Given a “repo-like” API result like this

<page _idx="102358522" pageid="102358522" ns="0" title="Q107110037" contentmodel="wikibase-item" pagelanguage="en" pagelanguagehtmlcode="en" pagelanguagedir="ltr" touched="2021-06-08T03:16:28Z" lastrevid="1437430459" length="1963">
  <pageprops wb-claims="3" wb-identifiers="0" wb-sitelinks="1" />
</page>

then the MWAPI config

?item wikibase:apiOutputItem mwapi:title.

corresponds to the XPath @title, i.e. the title attribute of that page element.

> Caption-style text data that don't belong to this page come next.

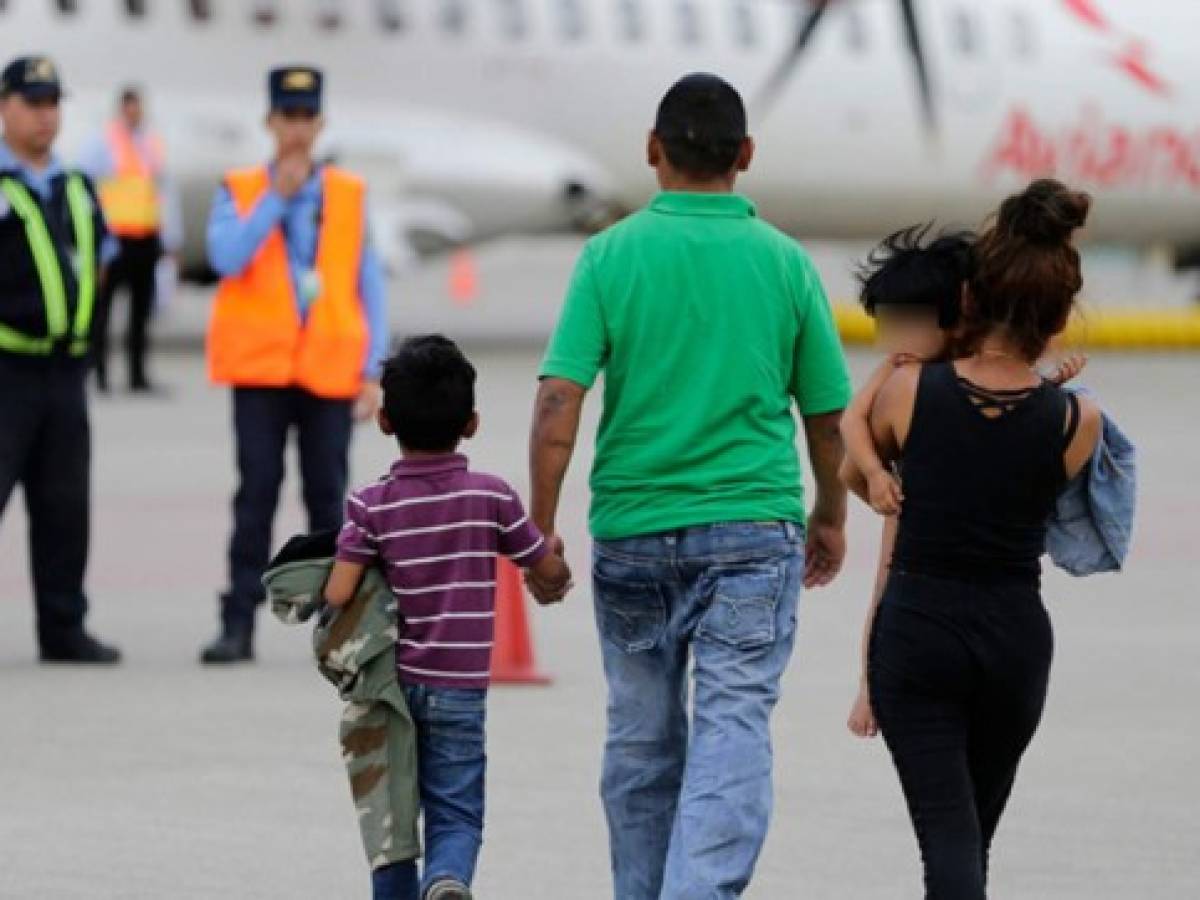 Guatemala y México deportan a más de 1.700 migrantes hondureños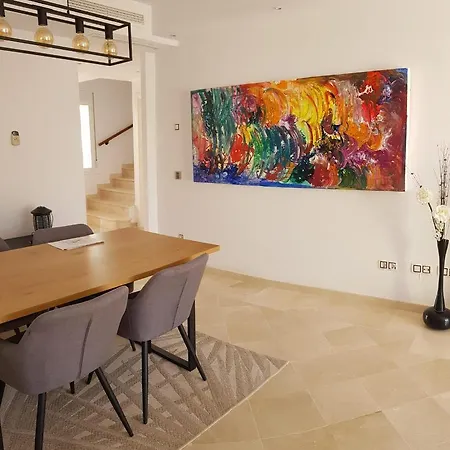 3 Bedroom Duplex Penthouse With Stunning Rooftop Solarium And Views Apartment *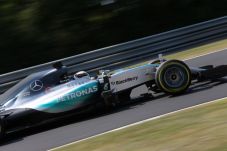 Duo Mercedes Start Satu-Dua...
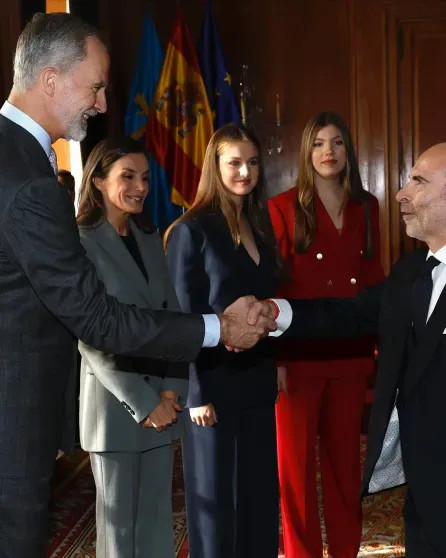 Королева Летиция с мужем и дочерьми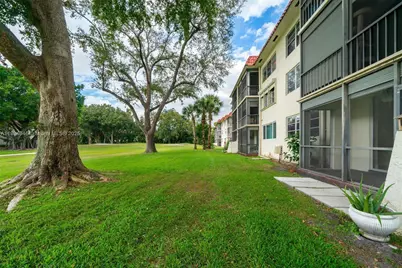 8901 S Hollybrook Blvd #109, Pembroke Pines, FL 33025 - Photo 21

In both cases, the assumption is that the XPath selects the entity ID as a string, but for the title attribute, that’s only true for items, not other entity types. (On Wikibase installations where items aren’t in the main namespace, I assume it’s not even true for items.) But I’m not sure what the best way to solve this would be – I would be hesitant to hard-code something like “remove everything up to the first colon” into MWAPI.

Maybe we can add a new value for the query+prop API parameter, which would add the page’s entity ID (as an attribute on the page element, like the contentmodel, pagelanguage, etc.)? And then we could add that by default to the MWAPI “Generator” service, and add a new shortcut, mwapi:entityid = @wikibase_entity or something like that.